Un diálogo de sordos, más próximo a un reto sobre quién la tenía más grande, si se me permite la vulgaridad. Cada cual, sin escuchar al adversario, al que ninguna atención y respeto se le dispensaba, disparaba sus dardos con el objetivo de acertar y dinamitar la credibilidad ajena. De este modo, en lugar de debatir, se tornó la discusión en un constante ir y venir de invectivas, que no peticiones sinceras, que eran rechazadas mecánicamente por el otro sin atender a su bondad o veracidad. Se trataba de zaherir, de lograr la victoria a los puntos, de ofrecer una imagen poderosa ante los votantes, de vencer, no de convencer, pues para esto último hace falta algo más que lo se ofrece. Así nos va y así nos irá.
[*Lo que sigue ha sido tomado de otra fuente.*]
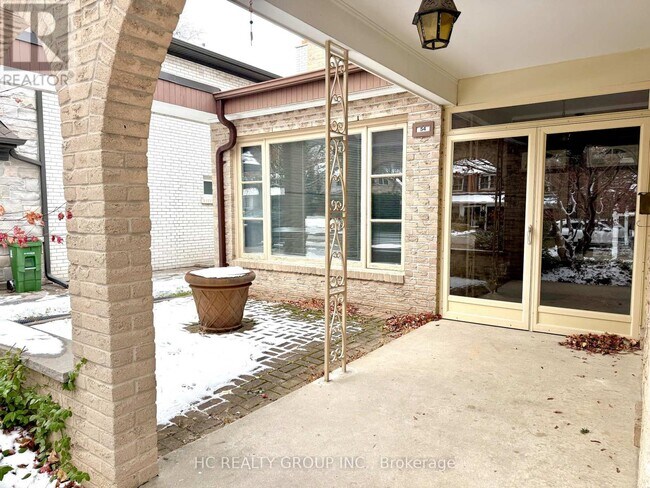 Photo - 54 Kentland Crescent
Un combate dialéctico entre dos políticos cuya inteligencia queda fuera de toda duda, con gran capacidad de razonamiento, con agilidad mental, pero utilizada, desgraciadamente, para su propia satisfacción, inmediata o mediata. Inteligencias desperdiciadas, las de ambos, pues la soberbia pudo más que la razón y los fines previstos, más que el interés general.

Cada petición de uno, era respondida por el otro con una carga, con un reproche, sin valorar si lo que se pedía era digno de ser atendido, meditado y contestado. Porque, no eran cuestiones baladíes las que cada cual ponía sobre la mesa, sino asuntos de enorme trascendencia que merecían algo más que la frivolidad o el ingenio, que el ego de los interlocutores, su necesidad irrefrenable de acreditar públicamente su superior intelecto, su destreza en el teatral debate, olvidando o ignorando la capital importancia de lo que públicamente cada uno pedía al otro.

ETA y el terrorismo, con casi mil muertes, merece algo más por parte de Pablo Iglesias que un silencio que puede confundirse con la comprensión anacrónica de quien no parece haber superado los años setenta, atribución de una naturaleza política a una banda que no es tributaria de duda alguna acerca del carácter criminal de sus acciones. Los casos de corrupción de la Comunidad de Madrid, tampoco son cosa de broma o pueden ser ignorados sin más respuesta que el «y tú más», como hacía Esperanza Aguirre. Por poner dos ejemplos y sin entrar en la compleja cuestión de lo que se entienda por estados dictatoriales y el apoyo que todos los países les prestan cuando interesa o la venta de armas, asunto en el que España, tiene una trayectoria reconocida en todos sus gobiernos, con el silencio de los demás. Es el negocio y Pablo Iglesias debería pensarlo antes de hablar, pues no parece que nadie vaya a apoyar que este país deje de vender armamento cuando es uno de los mayores productores. Y el dinero no tiene nacionalidad, ni ideología. Que se lo pregunten a nuestros presidentes de Gobierno anteriores.

Pablo Iglesias ha sucumbido de lleno a la política en boga, por lo que poco cabe esperar de su formación una vez instalada en el sistema que ahora ataca con más errores de planteamiento, que aciertos, sin que ello signifique que sus propuestas no tengan, muchas de ellas, un alto grado de acierto como diagnóstico de una realidad que camina hacia la supresión del Estado social. Diagnóstico, que siempre es sencillo. Soluciones, que no lo son tanto y requieren menos eslóganes y más eficacia.

Su forma de hacer política ha entrado de lleno o lo han metido y ha caído en la trampa, en la instalada entre lo que él llama «la Casta», caracterizada, según sus mismas posiciones, por intereses personales que anteponen a los colectivos. La otra tarde, Iglesias entró al trapo cuando se provocó su indudable soberbia intelectual, cuando se le retó a un duelo dialéctico; en una situación así prefirió mostrar sus dotes personales, optó por no ceder ante una experimentada Aguirre y perdió a mi juicio el estilo sincero que afirma constituye la identidad de Podemos. Esperanza Aguirre, tal vez más lista o al menos con más experiencia, mostró a un Iglesias no muy alejado en las formas de los demás y con ello lo expuso ante una ciudadanía que, inconscientemente, lo identificará con el resto.

De todas formas, que a la prensa le parezca lo sucedido digno de encomio, expresa mejor que nada el nivel en que nos movemos. La política como espectáculo. Si no, fíjense la ejecutiva de Pedro Sánchez. Con estos mimbres, no se puede hacer una buena cesta.